Agnès Sorel: Mistress of Beauty
by Princess Michael of Kent
Constable, £18.99 Buy here
It must have been frightening living in high aristocratic circles in the 15th century – or in any of the centuries surrounding it. Europe was a patchwork of courts, major and minor, each with its own fragile dynastic history and hereditary rivals and enemies. Dukes, kings, emperors, princes, counts, electors, archdukes – those titles were landed on people in often haphazard order and you could never be sure of holding on to them. Fatal illness was an everyday occurrence, and at the top of society violent and suspicious death came quite literally with the territory.
Princess Michael of Kent’s new novel, Agnès Sorel: Mistress of Beauty, brilliantly captures the sense of suppressed panic that lay behind the intricate court etiquette of the era. It begins with a family tree that speaks volumes. It is headed “The Royal Family of France at the time of this story” – but a quick glance at it disposes of the notion that France was a unified kingdom. Rulers of Burgundy, Brittany, Anjou and Orléans rub shoulders and intermarry with the nobility of England, Scotland, Bavaria and Bohemia.

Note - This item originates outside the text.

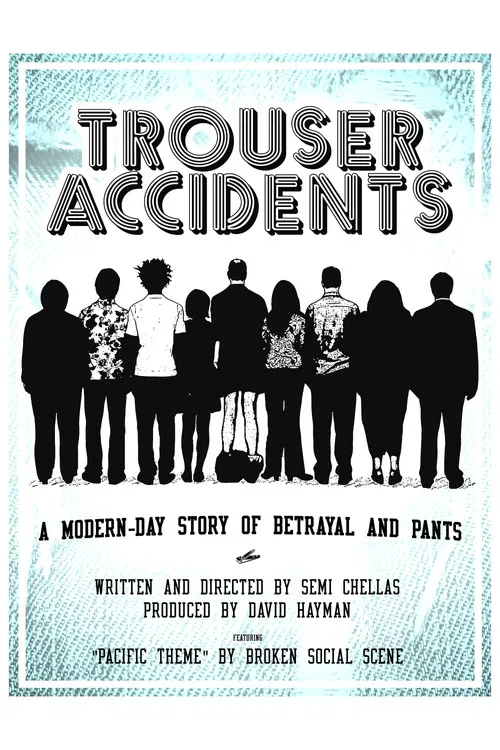 Trouser Accidents poster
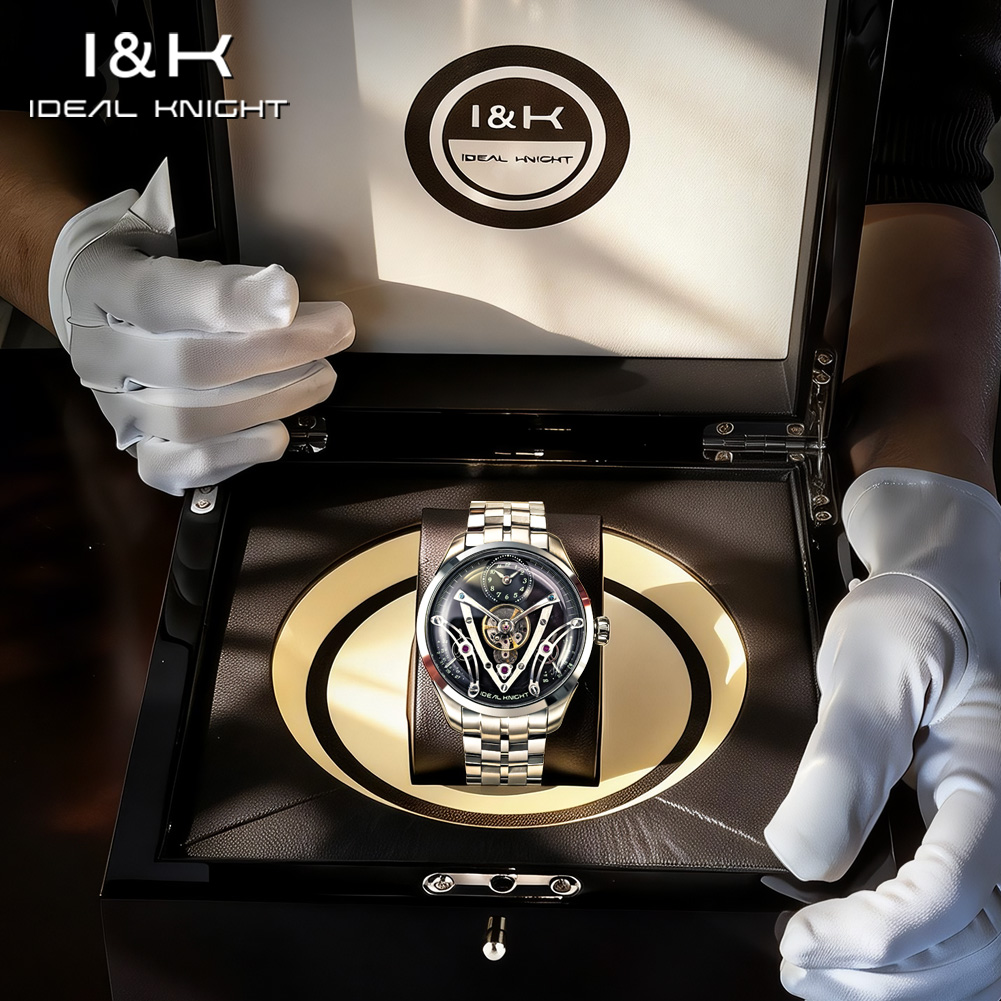 Luxury Watch Brands - IDEAL KNIGHT 6821 Brand original authentic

The story opens with the funeral in 1442 of Yolande d’Aragon, who was the subject of HRH’s previous novel, The Queen of Four Kingdoms. Those four kingdoms were Sicily, Jerusalem, Cyprus and Aragon – though in reality Yolande’s family controlled only the powerful fiefdoms of Anjou and Provence. It helps, but is not necessary, to have read the first book in what will eventually be Princess Michael’s Anjou trilogy. The reason it is not necessary is that Agnès Sorel guides the reader by the hand through the dynastic maze; if at times we feel lost that is because the historical characters did, too.

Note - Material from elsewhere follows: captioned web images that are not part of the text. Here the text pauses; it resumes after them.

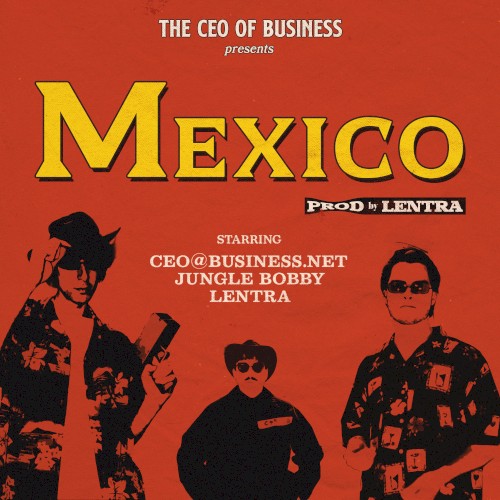 Cover van mexico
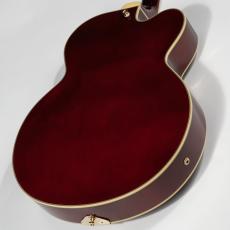 Epiphone Broadway lefthand Wine Red【エピフォン】【レフトハンドモデル】_6
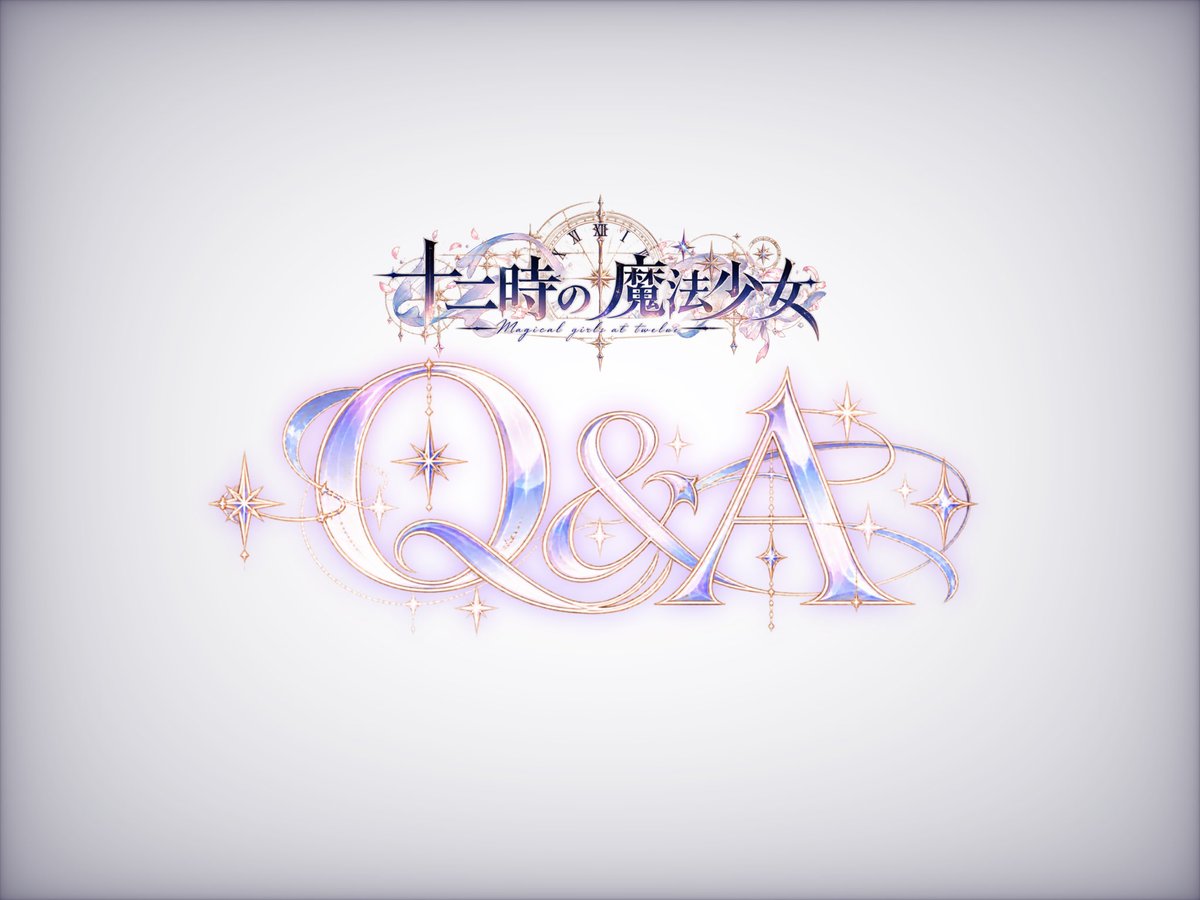 ClockTower_TL's tweet photo. DMにて頂いたQ&amp;Aまとめです。

 #時計塔_伝達 https://t.co/S7bQRRr6X4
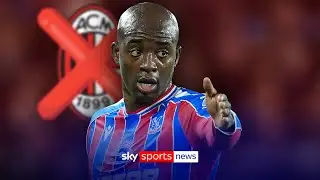 AC Milan decide not to proceed with Jean-Philippe Mateta move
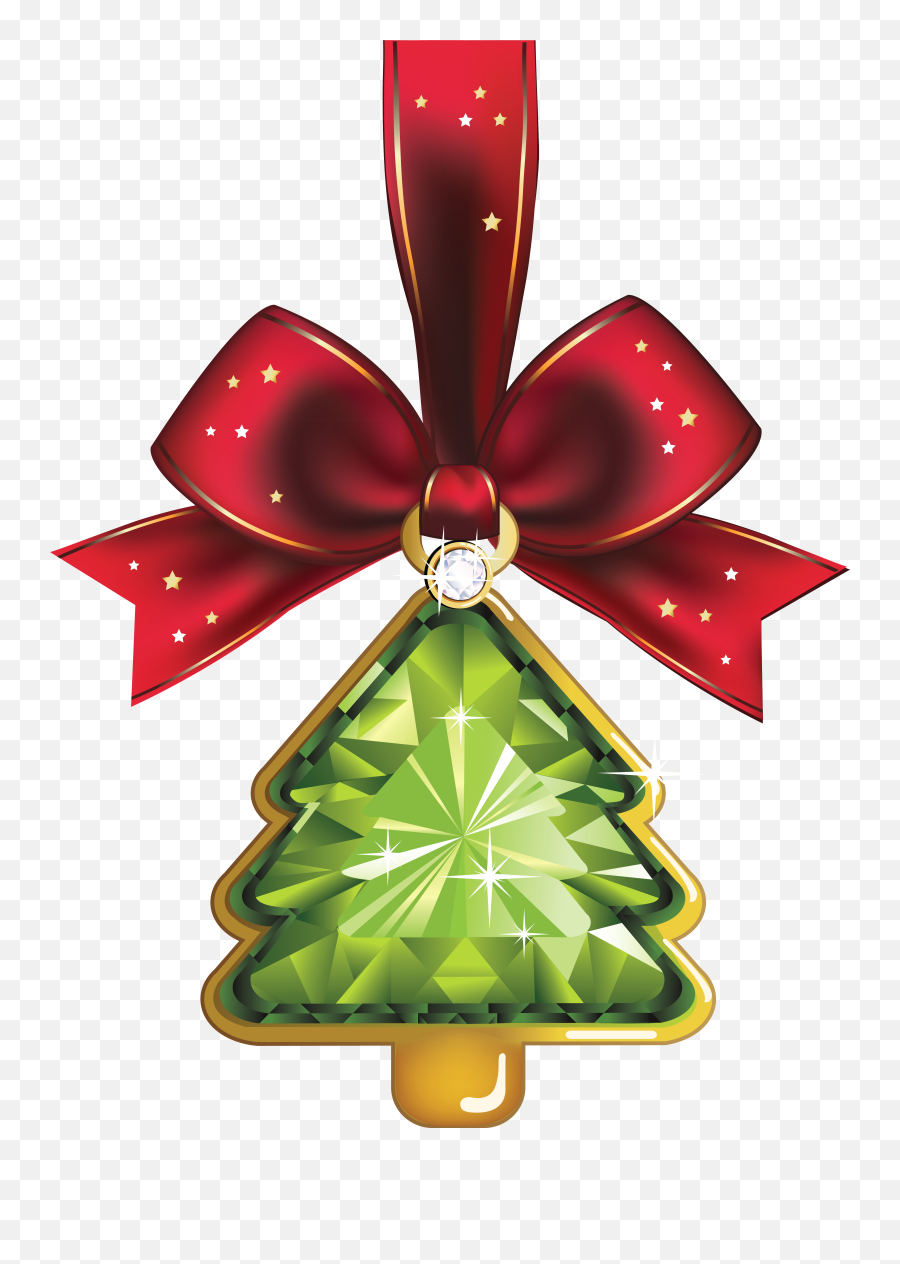 Download Hd Hanging Christmas Ornament Png Download - Transparent Christmas Ornaments Clipart Png Emoji,Hanging Christmas Ornaments Png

Agnès, a distant ancestor of Princess Michael, feels most lost of all. And with good reason. She is the mistress of King Charles VII, son-in-law of Yolande. This was a very dangerous thing to be, for the tradition of French royal mistresses had yet to be established. Or, to put it another way, Agnès began the tradition. She is envied for her position but does not make things easier for herself. We learn that “she appears over-dressed and grand; her trains longer than any princess’s; her immodest décolletage worn deeper than at any other court”. Whatever clothes she bought would start a fashion. Plus ça change, eh? But she has little choice. She is caught in the familiar trap of the mistress – she needs to look alluring in order to retain the affections of the king.
A contemporary painting depicts Agnès as Madonna lactans, feeding her child with her bare breast; it is a backhanded compliment, for the effect is to make her look sexually provocative.
Her story does not end well, or in a straightforward manner. To this day, her death at the age of 28 puzzles historians and clearly fascinates Princess Michael, who displays expert knowledge of the hazards and conventions of life at court.
If you fail to bow or curtsey at the appropriate moment, then your card is marked. To say that it is easy to put a foot wrong is putting it mildly.
To what degree Her Royal Highness is drawing on her own experience one can only speculate. Let us just say that there is the occasional mischievous paragraph that one can relate to the royal house into which she married, which is not renowned for its warm feelings towards Catholics. At any rate, the author is to be congratulated for writing a novel that not only tells an engrossing story but also serves as a painless and page-turning introduction to one of the most romantic and sinister chapters in the history of Europe.